This Article is From Sep 11, 2015

Days After Cancelled Talks, Indian, Pakistani Border Officers Meet

Indian and Pakistani border security officers began three-day talks in Delhi today

New Delhi: Indian and Pakistani troops across the International Border may start speaking to each other more frequently, and at lower levels as well to sort out local issues faster.

The decision was taken at the talks between the Border Security Force (BSF) and the Pakistan Rangers in New Delhi today. The Pakistani officers were led by Rangers Director General Umar Farooq Burki and the Indian side was led by BSF Director DK Pathak. The Director Generals of the BSF and Pakistan Rangers will hold discussions till Saturday.

It was the first meeting between India and Pakistan after the first high-level peace talks between the two countries collapsed at the eleventh hour a fortnight ago.

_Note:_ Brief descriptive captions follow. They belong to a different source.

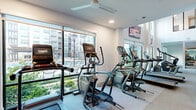 This modern fitness center offers a generously sized, single-floor layout designed to accommodate a full range of workout needs. The space is defined by its dramatic double-height ceilings in the main exercise area, which create an open, airy atmosphere and are complemented by large floor-to-ceiling windows that flood the interior with natural light and provide views of the surrounding outdoor environment. Structural columns punctuate the floor plan, subtly dividing the space into distinct workout zones without compromising the overall sense of openness. The cardio zone is well-appointed with treadmills, elliptical trainers, rowing machines, and stair climbers, many positioned to take advantage of the outdoor views. The strength training area features a robust selection of cable machines, multi-functional cable towers, free weights, dumbbells, weight benches, and a power rack, catering to a wide variety of training styles. Wall-mounted flat-screen televisions are positioned throughout for entertainment during workouts. Full-length mirrors along the walls enhance the sense of space and support proper form during exercise. Ceiling fans and recessed lighting provide comfort and visibility throughout. The flooring consists of durable, neutral-toned carpet tiles suited for high-traffic fitness use. The overall design balances a clean, contemporary aesthetic with a highly functional and motivating workout environment.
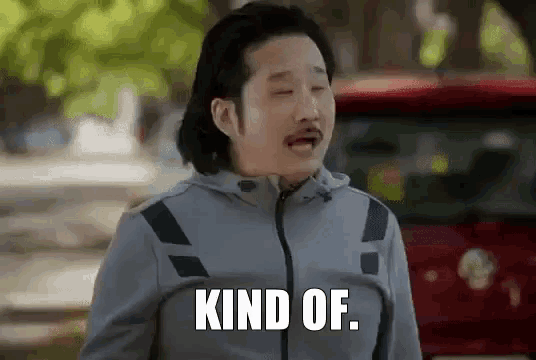 a man with a mustache is standing next to a red car and says kind of .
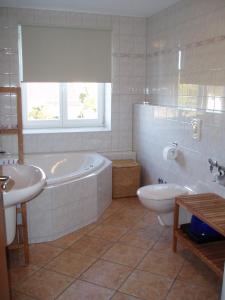 uma casa de banho com uma banheira, um WC e um lavatório. em Haus Carmen auf Usedom Nr.6 em Ziemitz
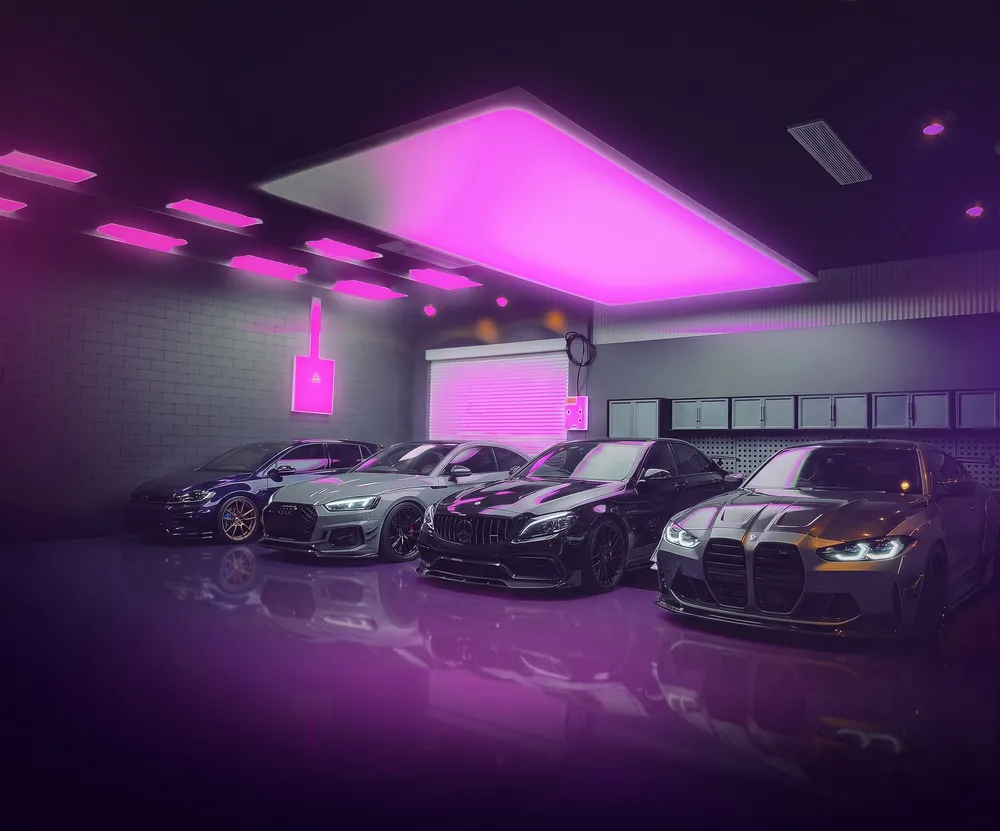 Four European performance cars parked under pink neon light in a garage
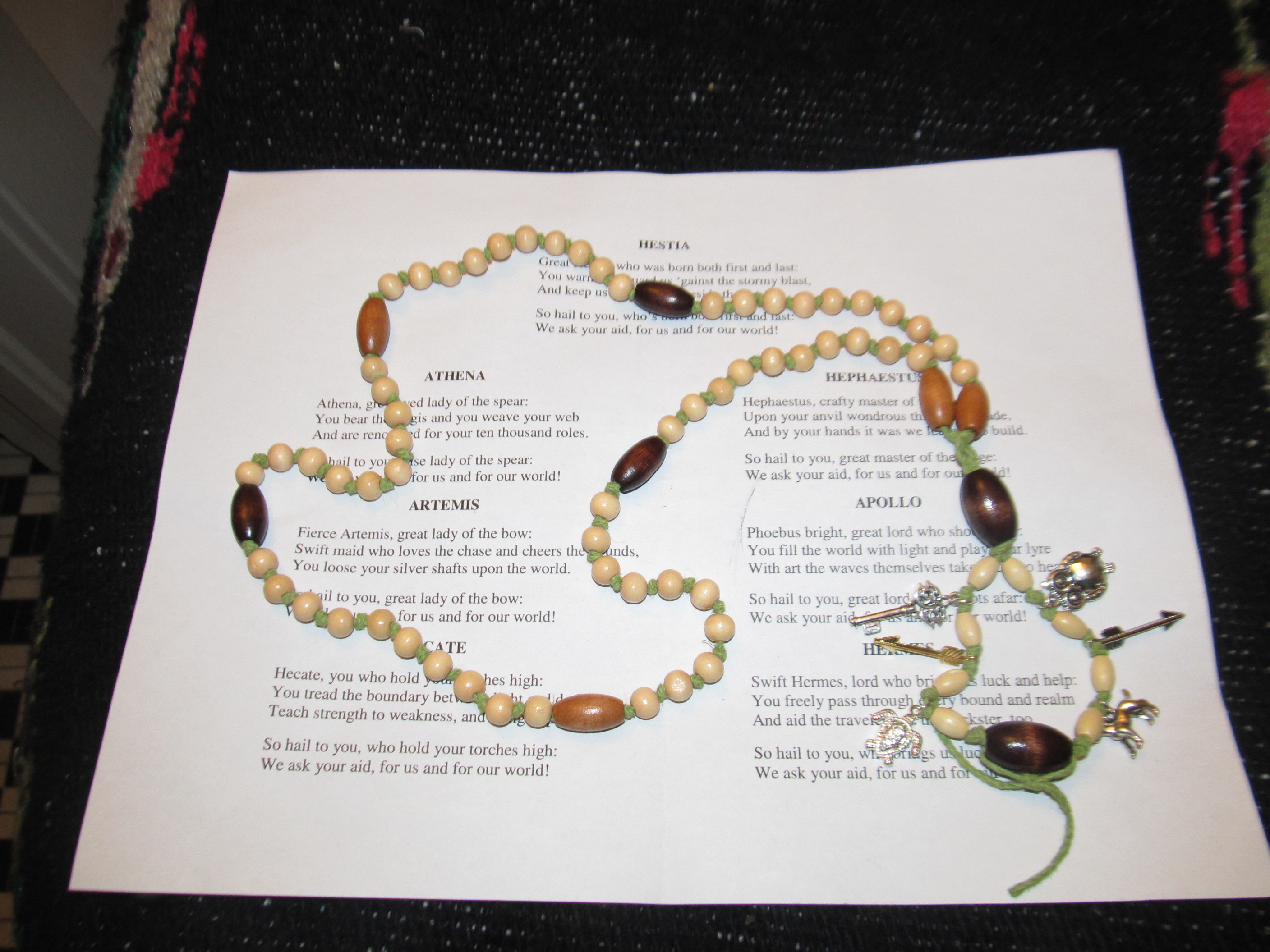 Set of Hellenic pagan prayer beads on top of a set of prayers to be used with them.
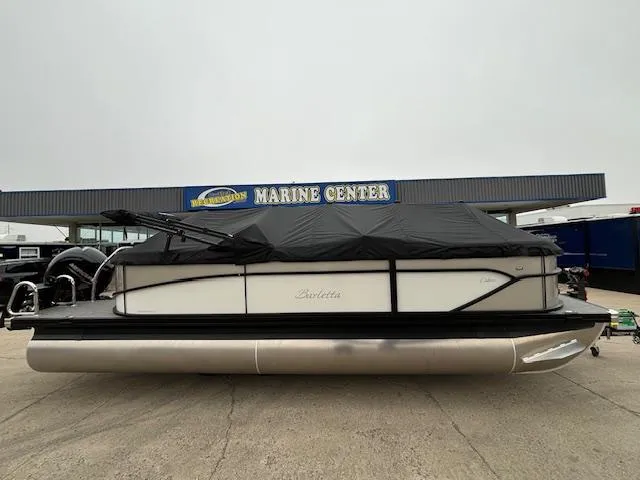 Slide: The Image of 2025 Barletta Cabrio 22 QC pontoon boat with cover at Marine Center. - 23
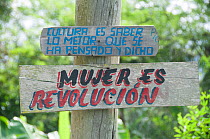 Politcial slogans nailed to a tree stating: "Culture is knowing the best that has been thought and said" and "Woman is revolution" near Baracoa, Cuba, November 2011.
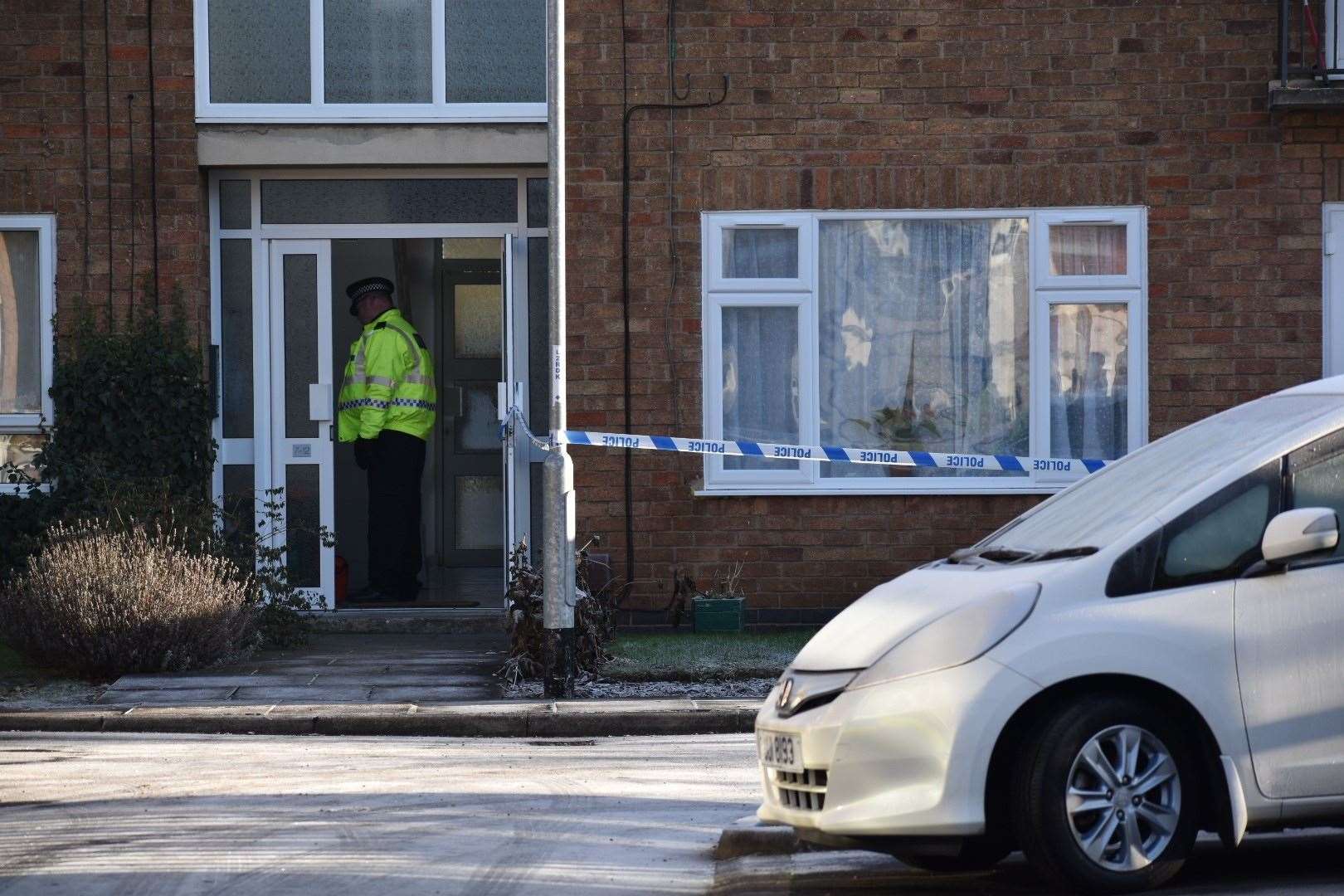 A police officer at the entrance to a block of flats in Petherton Court. (Matthew Cooper/PA)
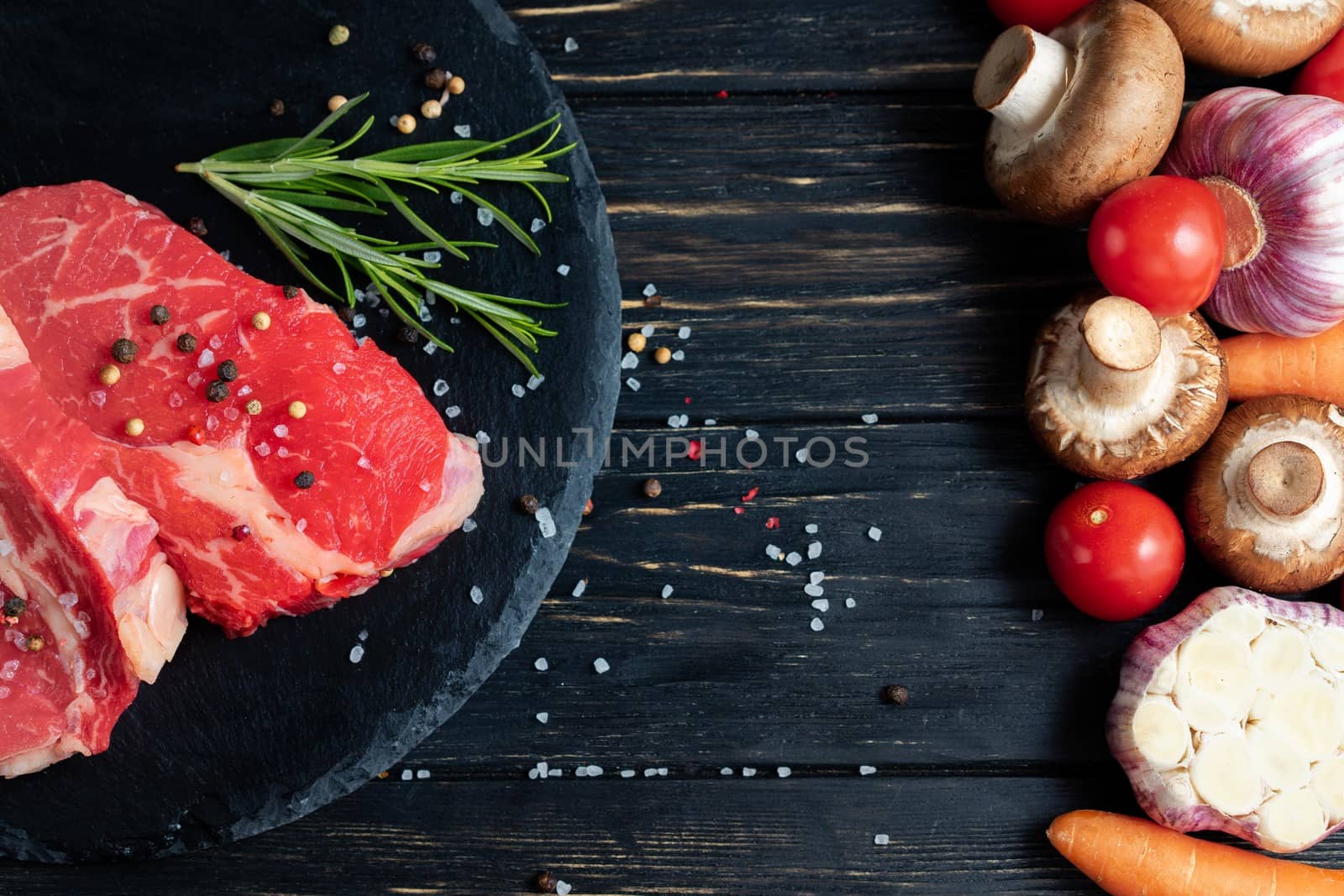 On one side of the table are vegetables on the other side of a beautiful juicy, raw beef meat. Choose your food. by andreonegin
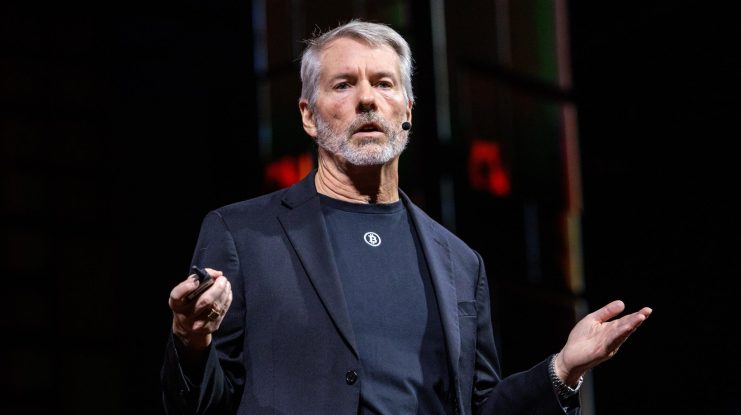 Michael Saylor steht auf einer Bühne im dunklen Anzug und spricht über Bitcoin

Pakistan Rangers raised the need of greater communication between the two border guarding troops at the meet in New Delhi today.

"Communication is now at the sector level, we are open to allowing communication at level lower - Battalion or even across some critical Border Out Post," a senior Home Ministry official told NDTV after the day-long negotiations with the Pakistani Rangers.

Coordination between troops on either side of the border has suffered amid a rise on border firing, with both countries blaming each other.

There is hope on either side that more communication could lead to less ceasefire violations and quieter borders. Since 2014, there have nearly 600 ceasefire violations on the International Border. And there have been nearly 100 attempts to infiltrate.

Both sides had expected a stormy meeting with allegations and counter-allegations. "It wasn't any of that, Pakistan did want joint investigation into few ceasefire violations, but later didn't push it," a top source told NDTV.

Last month, the first high-level peace talks in years between the National Security Advisers of the two countries were cancelled after a dispute over the agenda for those talks. India wanted to discuss terrorism-related issues and objected to Pakistan's intentions of meeting separatists from Kashmir. Pakistan insisted that it would raise Kashmir.